▼
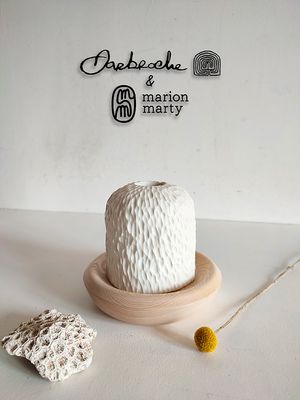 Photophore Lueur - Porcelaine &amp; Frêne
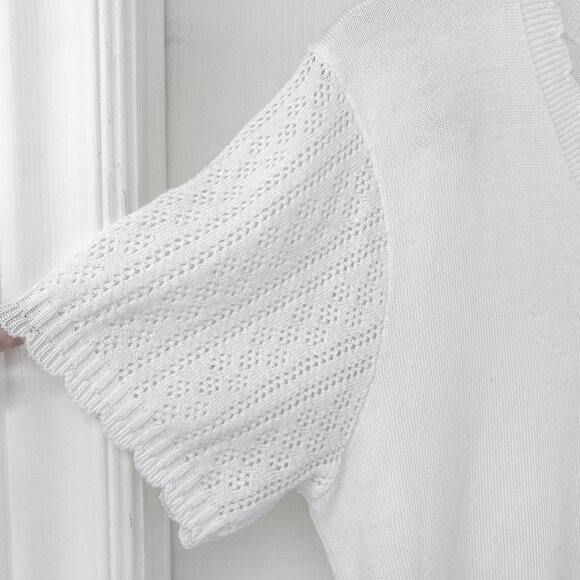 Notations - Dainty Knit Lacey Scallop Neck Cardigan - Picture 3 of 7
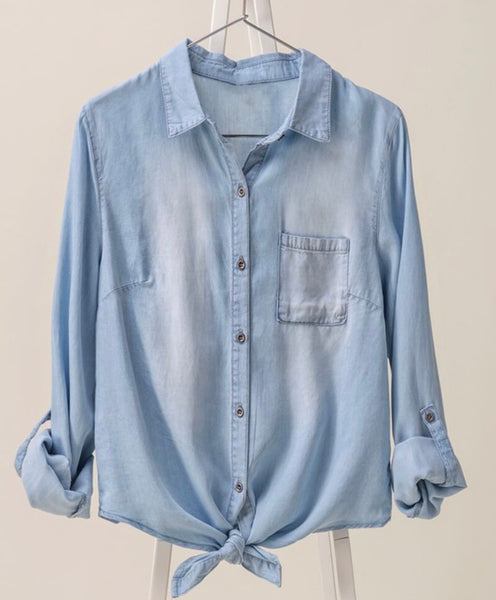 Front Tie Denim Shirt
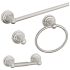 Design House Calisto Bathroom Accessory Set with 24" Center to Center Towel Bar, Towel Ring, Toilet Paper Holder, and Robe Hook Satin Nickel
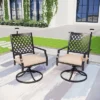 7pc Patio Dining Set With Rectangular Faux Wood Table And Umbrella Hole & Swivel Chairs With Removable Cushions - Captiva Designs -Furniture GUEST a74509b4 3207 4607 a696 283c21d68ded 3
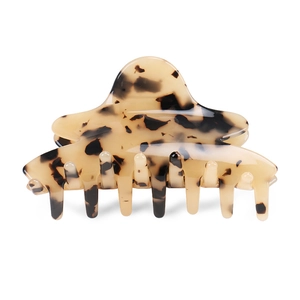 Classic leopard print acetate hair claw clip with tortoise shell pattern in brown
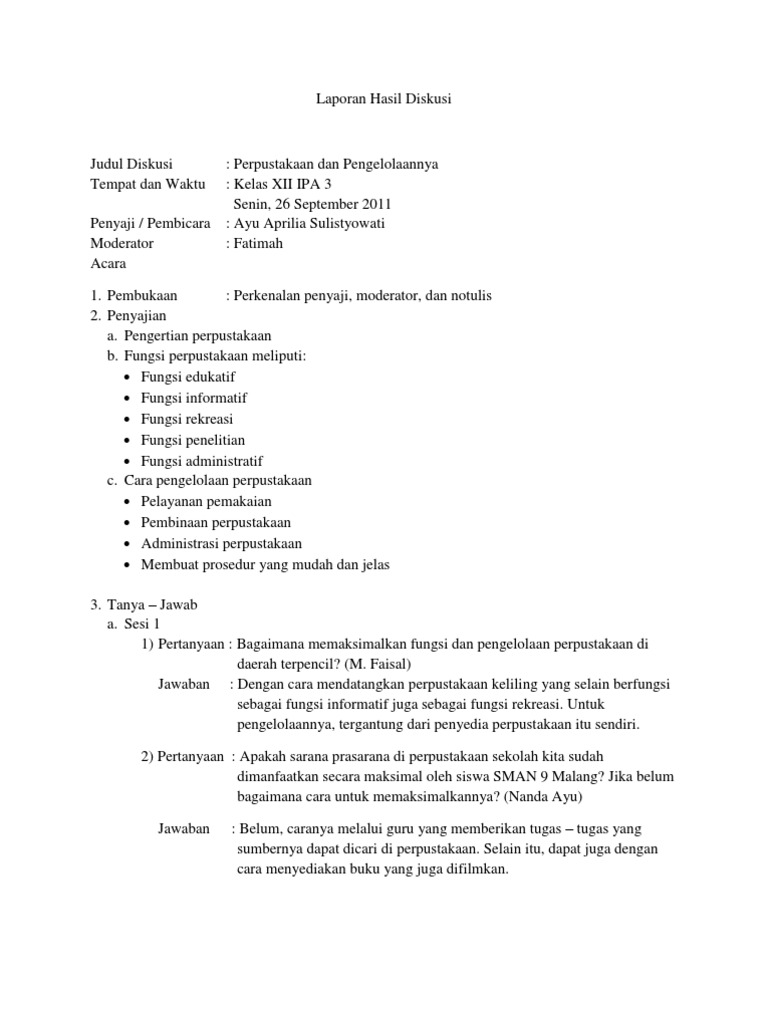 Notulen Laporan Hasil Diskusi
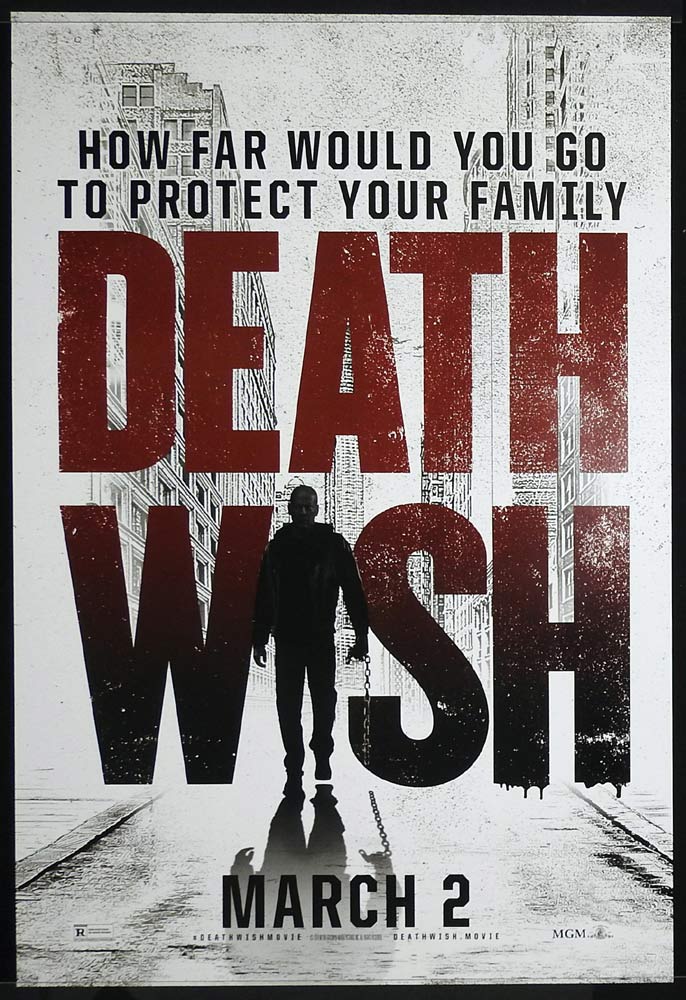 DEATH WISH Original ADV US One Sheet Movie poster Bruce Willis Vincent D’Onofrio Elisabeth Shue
▲
▼
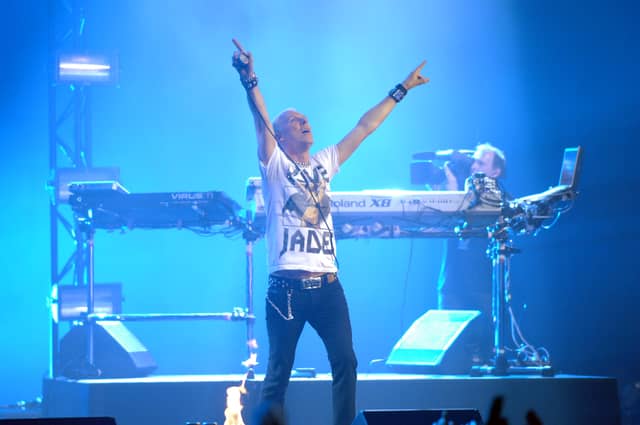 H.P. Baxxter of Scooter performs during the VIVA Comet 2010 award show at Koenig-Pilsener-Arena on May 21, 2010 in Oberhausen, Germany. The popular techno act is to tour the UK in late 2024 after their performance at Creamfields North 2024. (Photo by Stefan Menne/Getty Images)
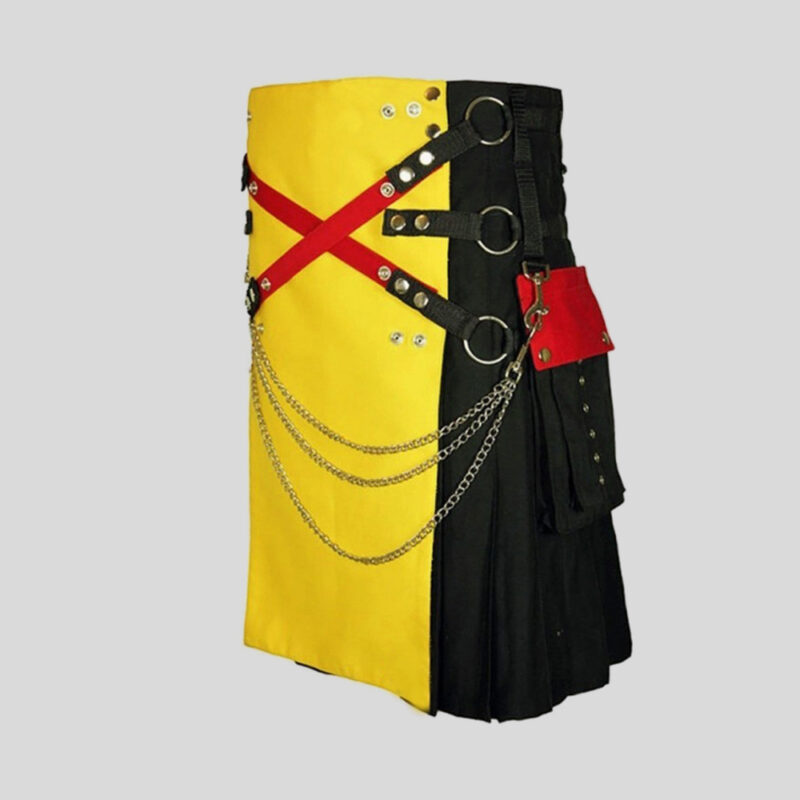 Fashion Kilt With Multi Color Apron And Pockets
▲
▼
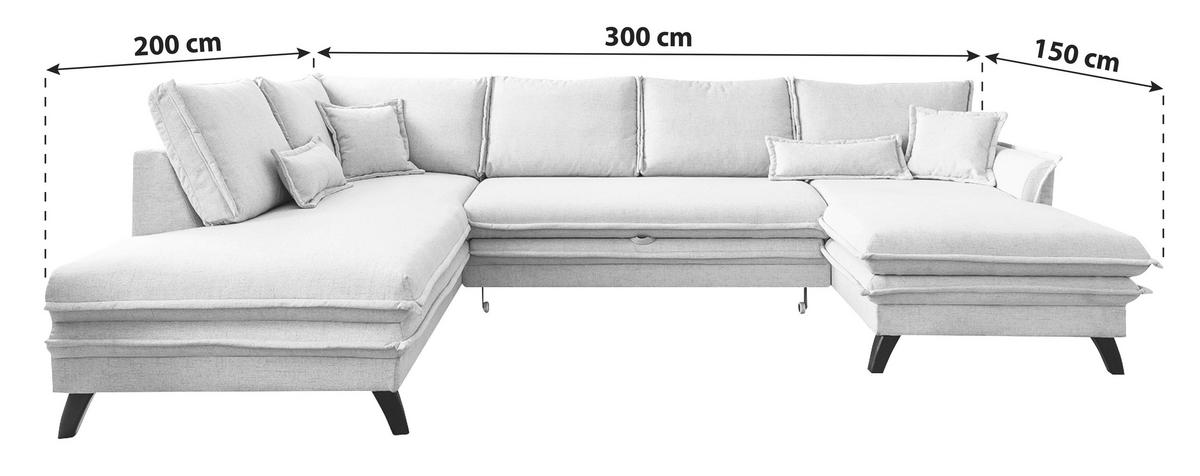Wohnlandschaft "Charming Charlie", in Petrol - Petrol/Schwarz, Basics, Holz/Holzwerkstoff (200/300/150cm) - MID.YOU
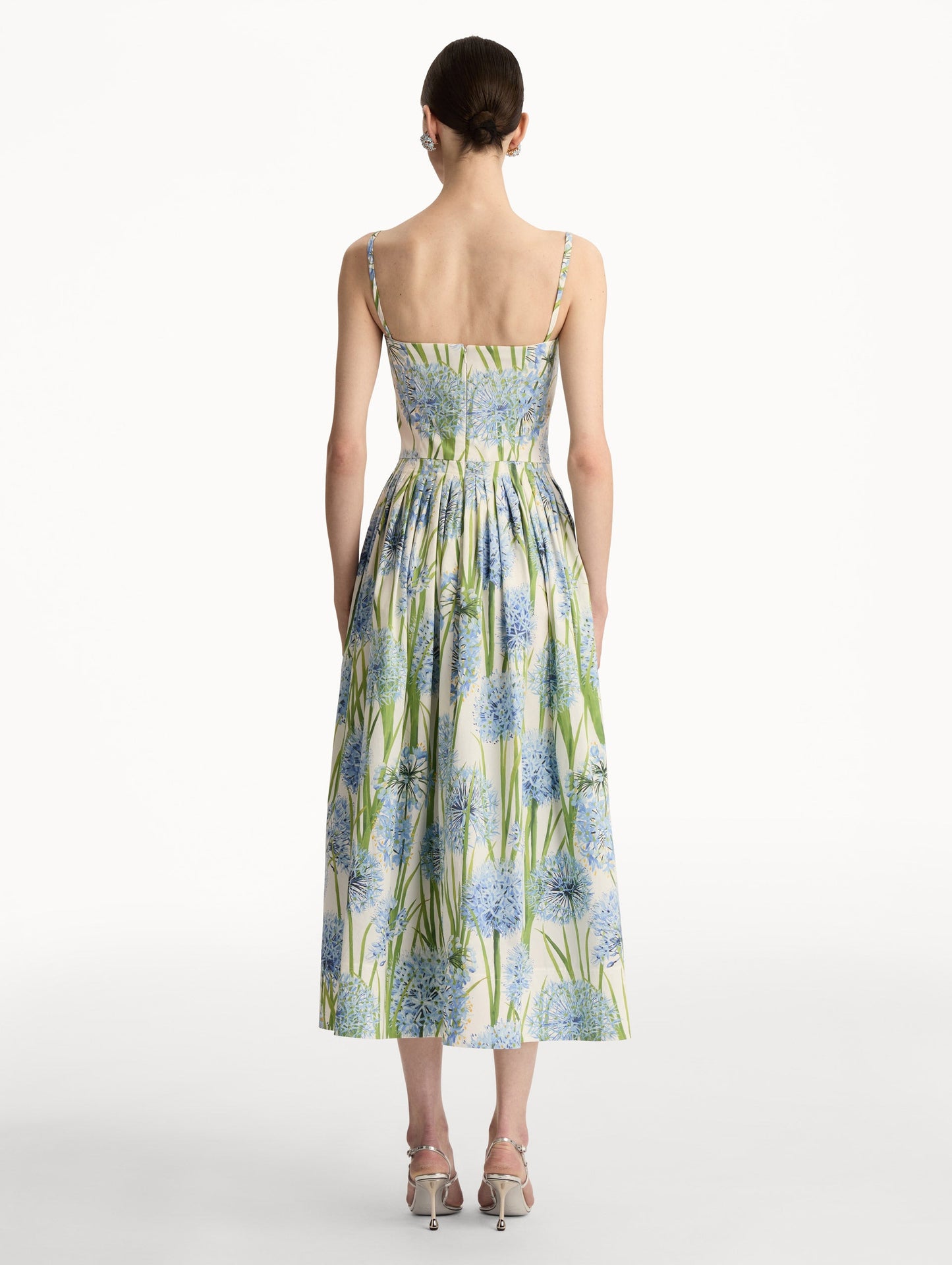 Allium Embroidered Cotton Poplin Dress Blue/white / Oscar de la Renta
▲
**THE TASK:**
Print the line above containing "Front Tie Denim Shirt", the line containing "DEATH WISH Original", and everything between them, exactly as written. Pictures stay out.

**TASK RESULT:**
 Front Tie Denim Shirt
 Design House Calisto Bathroom Accessory Set with 24" Center to Center Towel Bar, Towel Ring, Toilet Paper Holder, and Robe Hook Satin Nickel
 7pc Patio Dining Set With Rectangular Faux Wood Table And Umbrella Hole & Swivel Chairs With Removable Cushions - Captiva Designs -Furniture GUEST a74509b4 3207 4607 a696 283c21d68ded 3
 Classic leopard print acetate hair claw clip with tortoise shell pattern in brown
 Notulen Laporan Hasil Diskusi
 DEATH WISH Original ADV US One Sheet Movie poster Bruce Willis Vincent D’Onofrio Elisabeth Shue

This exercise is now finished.